Generally participants will arrive on time, but it is not that unusual that they arrive a few minutes late (depending on traffic conditions or parking opportunities nearby). Scheduling in a bit of additional time between sessions (e.g. 15 minutes) would allow for some flexibility. It is often useful to re-confirm appointments one or two days before testing to increase the chances of participants showing up on time (especially with young participants and students).
Language and translation considerations
Dutch is the principal language of The Netherlands.
Although the Dutch language might appear to be very similar to German, the grasp of the German language is not as good as might be expected, especially in the younger generation. In contrast, the younger generations understand and speak English fairly well. This makes it possible to use English testing materials, for example when testing international Web sites that are offered in English only.

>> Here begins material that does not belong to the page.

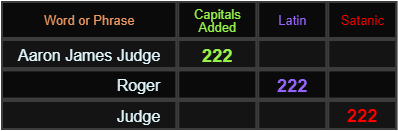 Aaron James Judge, Judge, and Roger all = 222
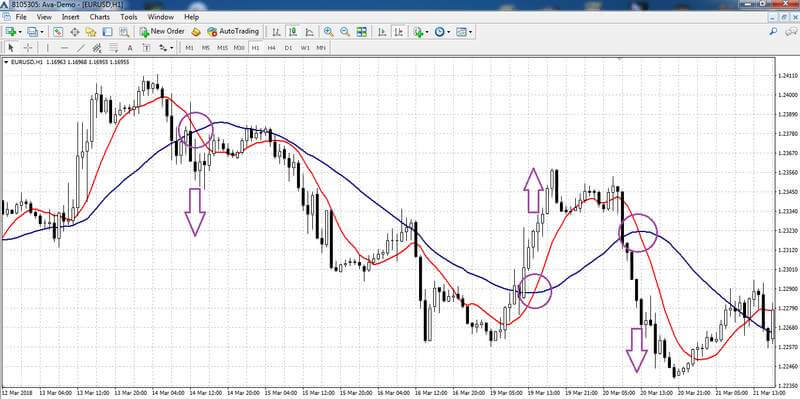 Estrategia: trading con dos MA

Testing design and protocols
Quantitative vs. qualitative
An important point about researching in the Netherlands is that a qualitative approach to usability testing is generally employed.

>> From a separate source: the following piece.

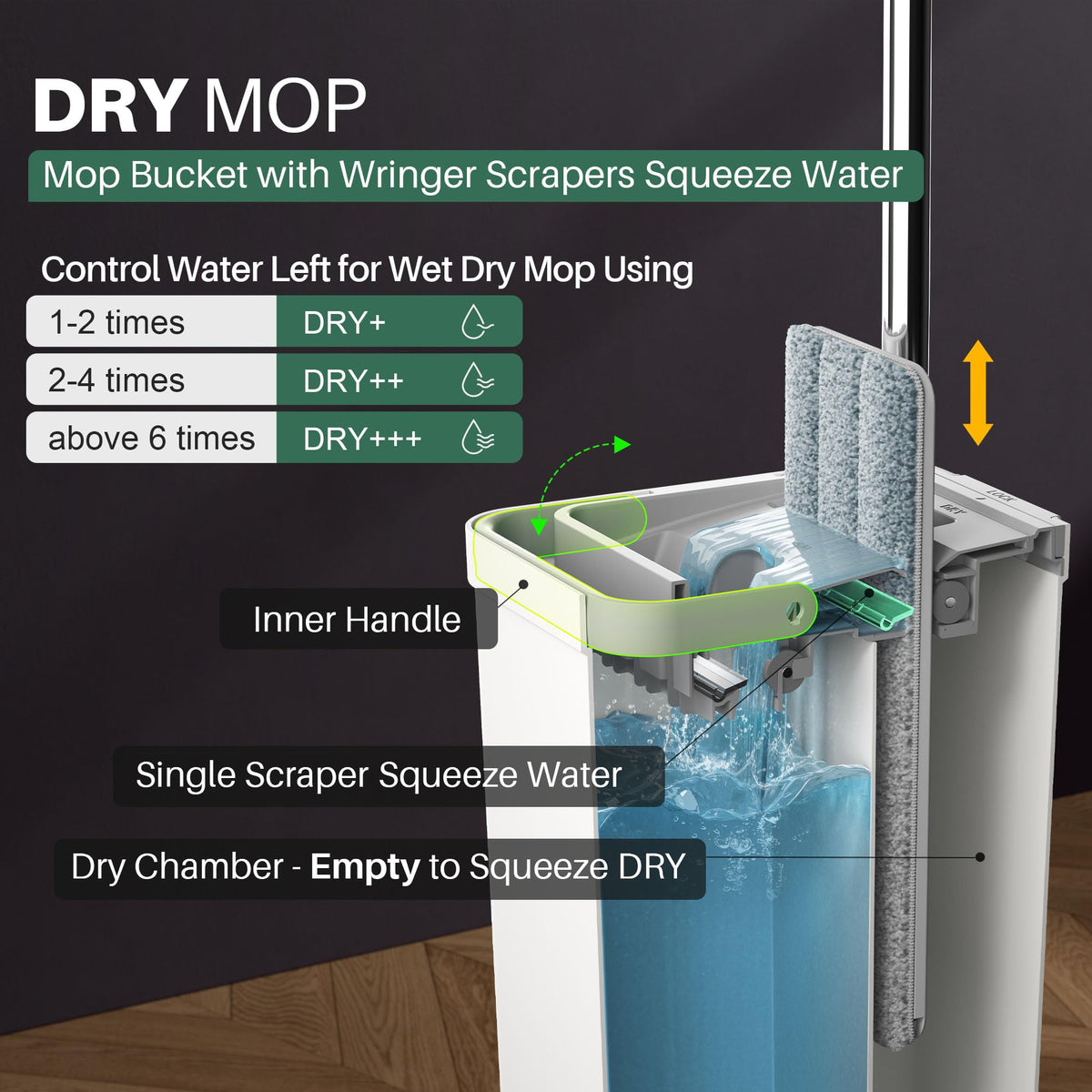 JOYMOOP Flat Mop and Bucket with Wringer, 3 Microfibre Pads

In most research situations, the test moderator and the participants interact in an informal manner. This often creates a relaxed atmosphere in which the participant feels at ease to be honest and critical.

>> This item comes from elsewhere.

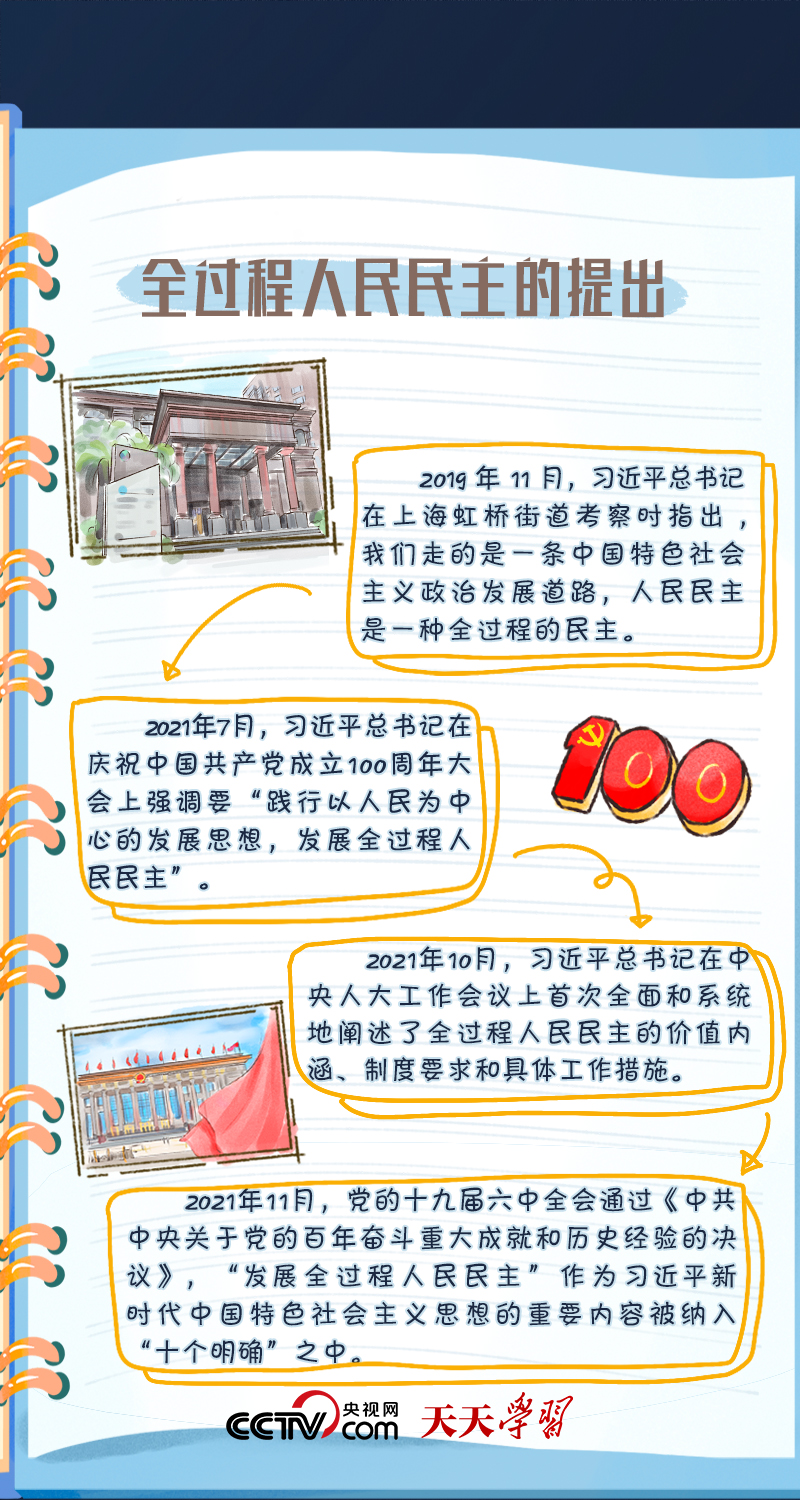  二十大報告學習筆記丨全過程人民民主篇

Think aloud vs. retrospective
Participants find it fairly easy to talk about their experiences and are generally at ease using the thinking aloud protocol.
Comfort using technology
The penetration of the Internet is very high in the Netherlands. You will find that most people will have a broadband Internet connection, have one or more mobile phones and are using online banking applications and other websites.
Holiday, seasonality, and timing considerations
It is important to be aware of local holidays, especially if they happen to be close to a weekend. It is not uncommon for the Dutch to take additional free time to create what is called a ‘long weekend’. If for instance a public holiday falls on a Monday, people might take the Friday off so they can enjoy 4 days of (including the weekend) for a short trip. If there is a public holiday on a Thursday, people might take the Friday of as well. Special Dutch free days are ‘Koninginnedag’ (Queensday) on the 30th of April, ‘Good Friday’on the Friday before Easter, ‘Ascension day’,10 days before Pentecost (always a Thursday) and ‘Pentecost Monday’,the Monday after Pentecost (the 7th Sunday after Easter Sunday). For civil servants the 5th of May (Liberation Day) is also a holiday.
Since most of the public holidays differ from year to year and region to region, it is wise to discuss this with a local partner to make sure you do not run into any surprises when recruiting. During the summer, a lot of Dutch will go on holiday abroad, especially families with children who are dependent on school holidays (July and August). In this period it might be more difficult to recruit participants with school going children.